Taking the data below, please print only the lines from the line holding "SC license plate AOM669" to the line holding "Богемные платья с", inclusive, with pictures omitted.

++++++++

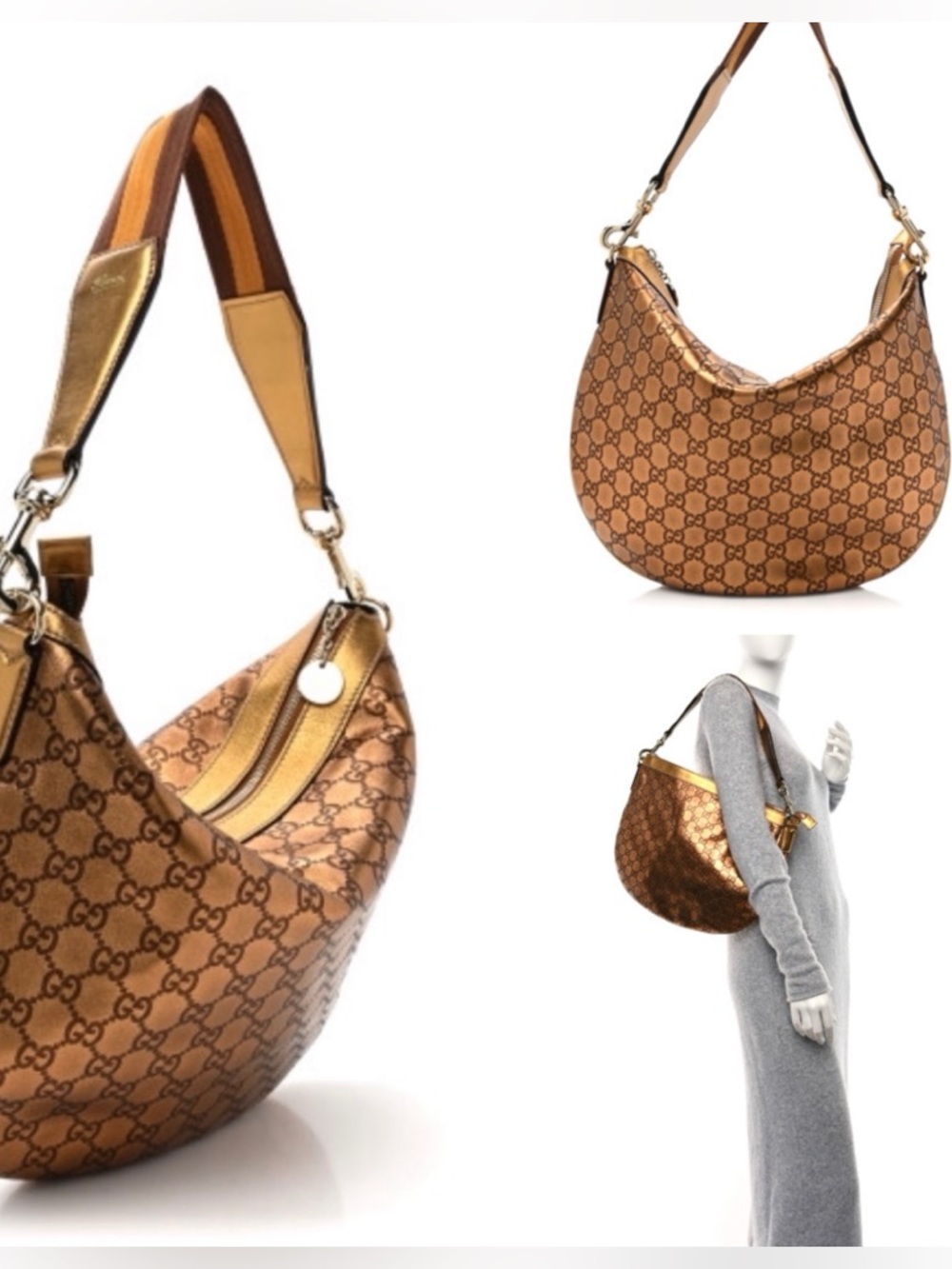 Gucci Metallic Gold Shoulder Bag with Canvas Strap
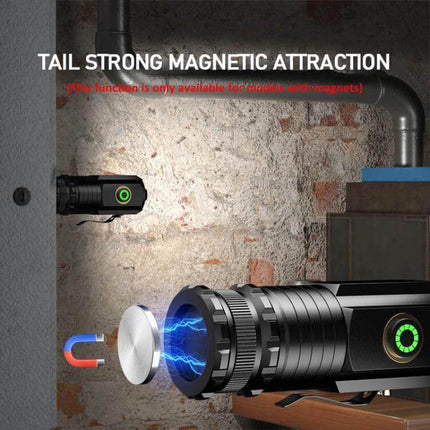Mini 3 LED Flashlight Rechargeable for Everyday Use — compact 8cm aluminum alloy body, magnetic tail, 2000 lumens, ideal for camping and emergencies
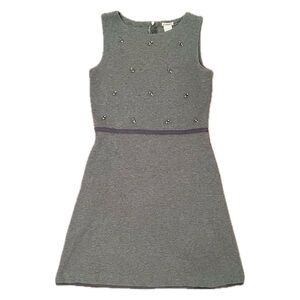 J. Crew Crewcuts Gray Flannel And Crystal Embellished Dress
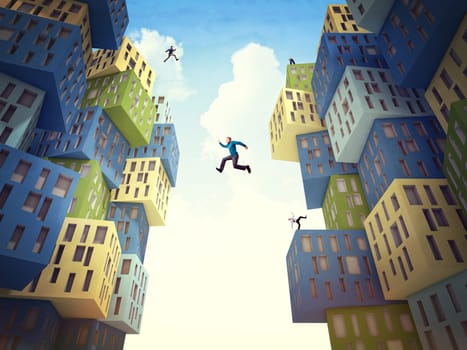 business people jump over abstract building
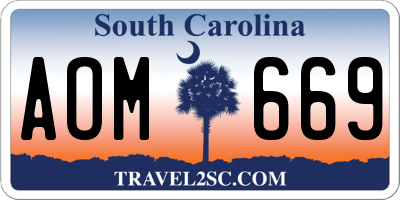 SC license plate AOM669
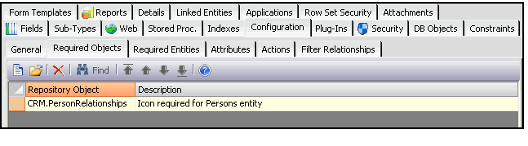 Required Objects SubTab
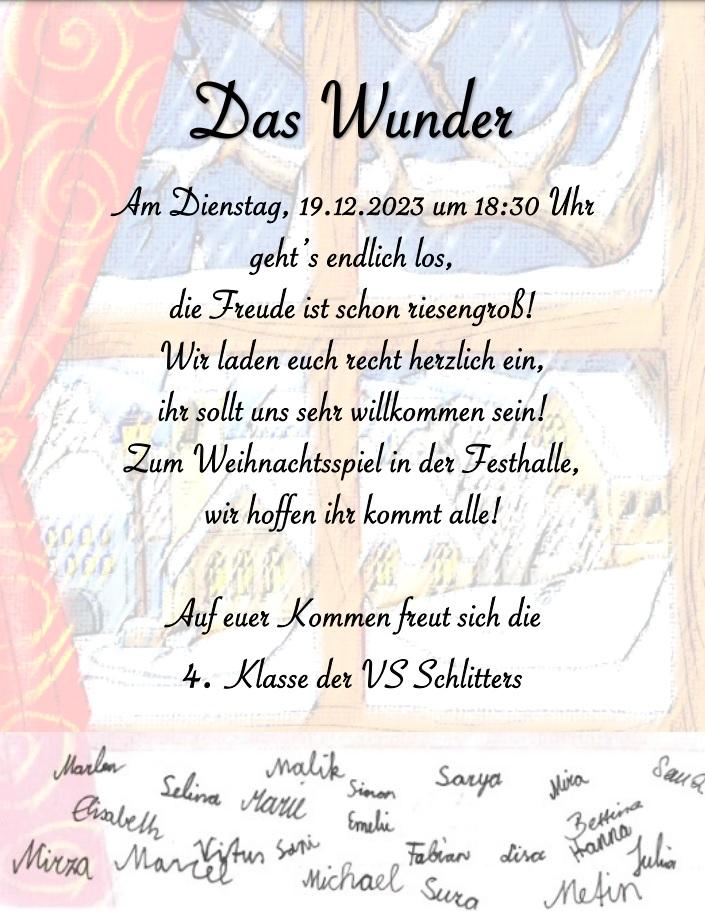 Weihnachtsspiel 2023 Einladung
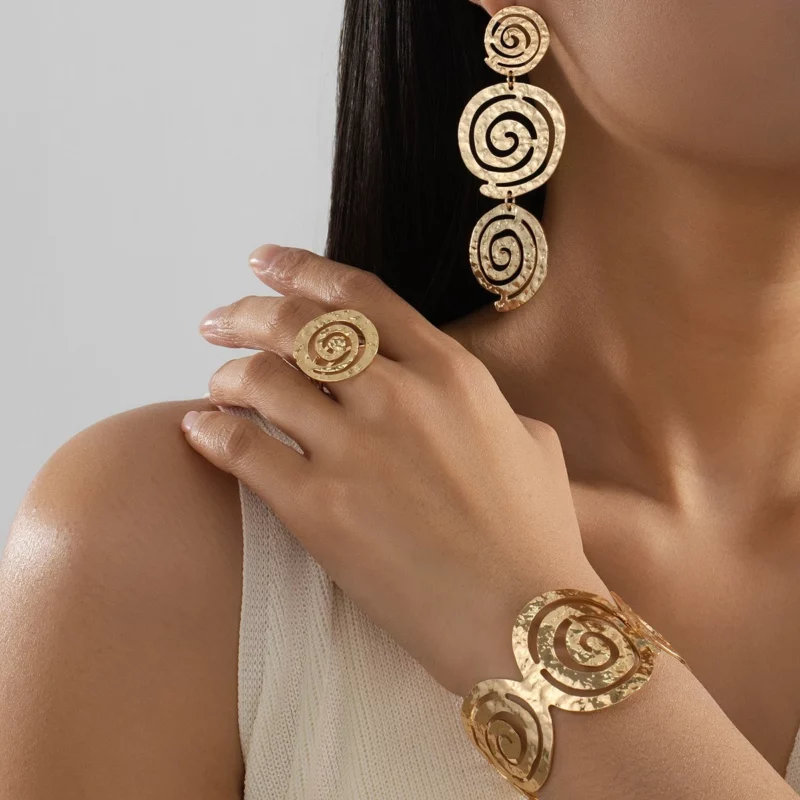 Overdreven Creatieve Metalen Spiraal Zonnebloem Open Ring Armband Set Voor Vrouwen Meisjes Party Gift Mode-sieraden AS021 - Image 6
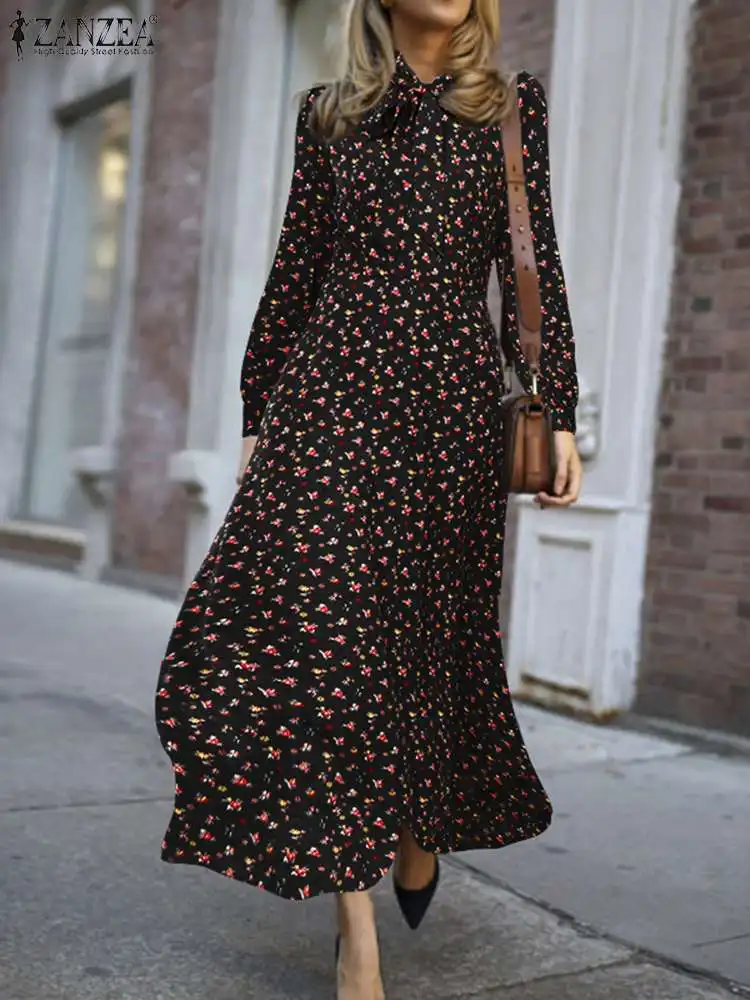 Богемные платья с цветочным принтом осень 2023 праздничные свободные элегантное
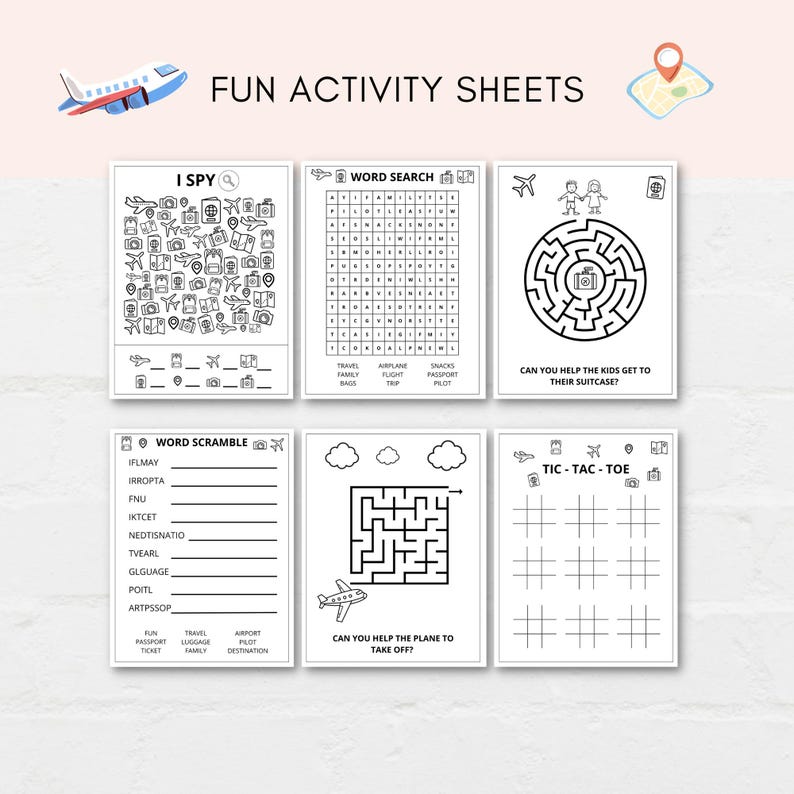 Keep kids busy while travelling with this Airplane Activities Printable Pack. This comprehensive pack is filled with fun games and coloring sheets designed to keep little ones entertained during long trips and flights.
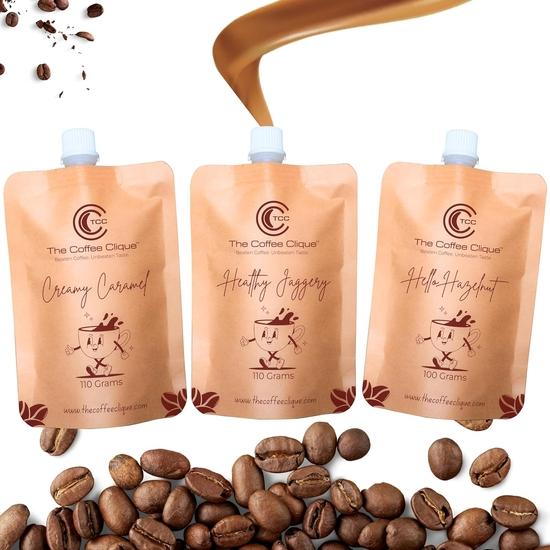 The Coffee Clique | Healthy Jaggery + Creamy Caramel + Hello Hazelnut | Beaten Coffee Paste | Cafe Like Cappuccino At Home  | Pack of 3 | 320 GMs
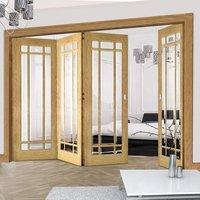 Thrufold Kerry Oak 3+1 Folding Door - Bevelled Clear Glass - Unfinished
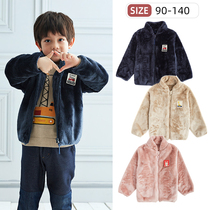 one thousand interesting winter male girl girl plush zipped jacket jacket baby warm windproof external wearing jacket casual thickening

++++++++

• Expected output:
 SC license plate AOM669
 Required Objects SubTab
 Weihnachtsspiel 2023 Einladung
 Overdreven Creatieve Metalen Spiraal Zonnebloem Open Ring Armband Set Voor Vrouwen Meisjes Party Gift Mode-sieraden AS021 - Image 6
 Богемные платья с цветочным принтом осень 2023 праздничные свободные элегантное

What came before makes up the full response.